## Problem requirements
Exactly as written, set down the lines from the top of the entries through the line bearing "Women Nike Dallas", with every picture left out.

--------------------------------

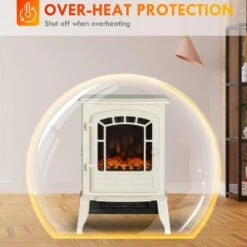 HOMCOM 15.25 In. Freestanding Electric Fireplace Stove With Overheat Protection 750W/1500W In Beige 17 HOMCOM 15.25 In. Freestanding Electric Fireplace Stove With Overheat Protection 750W/1500W In Beige -Fire Place Store beige homcom freestanding electric fireplaces 820 215v80bg fa 1000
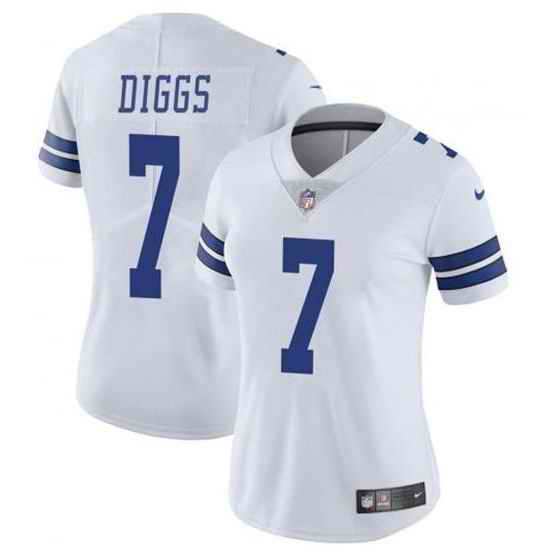 Women Nike Dallas Cowboys Trevon Diggs #7 White Vapor Limited Jersey->women nfl jersey->Women Jersey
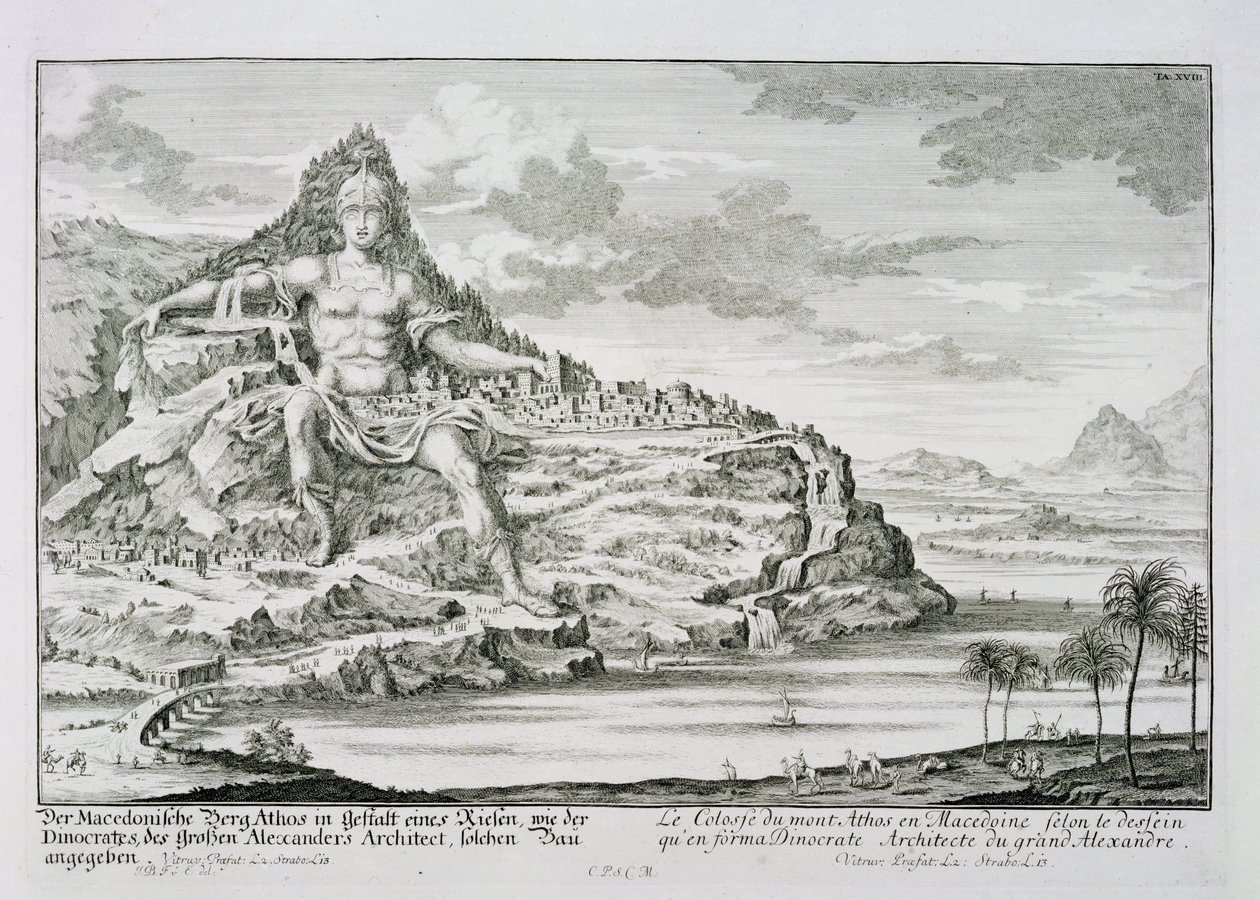 The Colossus of Mount Athos, Makedonia, et design av Dinocrates, arkitekten til Alexander den store, plate 18 fra 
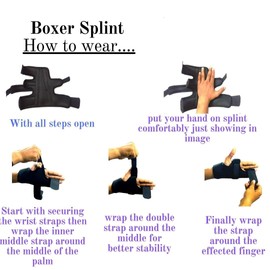 WITSOUL Boxer Finger Splint - Supports Pinky, Ring, Middle Metacarpals and Knuckles - Right or Left Both Hand Adjustable Brace (COLOR BLACK) SMALL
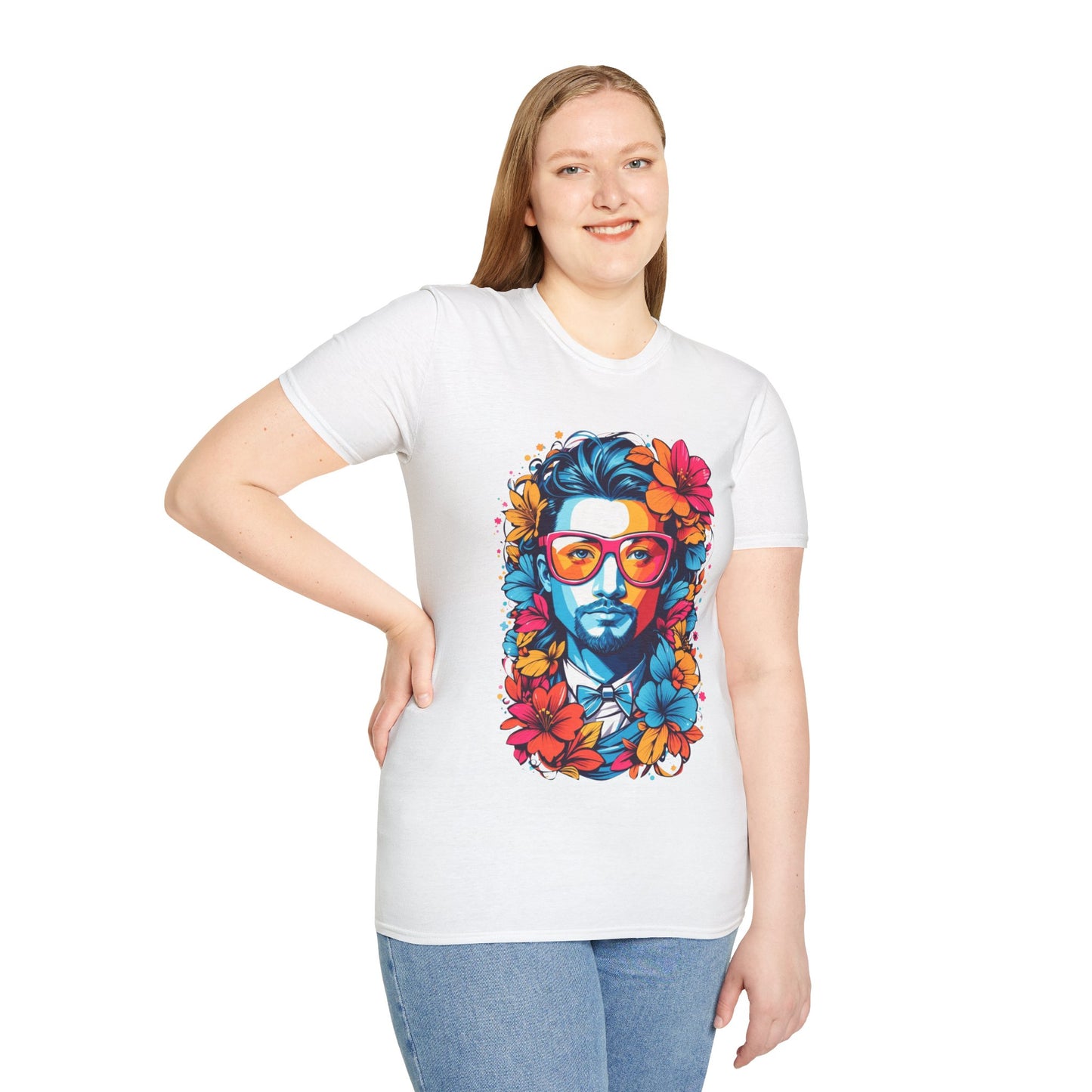 Vibrant Floral Portrait Unisex Softstyle T-Shirt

--------------------------------

## Task answer
 HOMCOM 15.25 In. Freestanding Electric Fireplace Stove With Overheat Protection 750W/1500W In Beige 17 HOMCOM 15.25 In. Freestanding Electric Fireplace Stove With Overheat Protection 750W/1500W In Beige -Fire Place Store beige homcom freestanding electric fireplaces 820 215v80bg fa 1000
 Women Nike Dallas Cowboys Trevon Diggs #7 White Vapor Limited Jersey->women nfl jersey->Women Jersey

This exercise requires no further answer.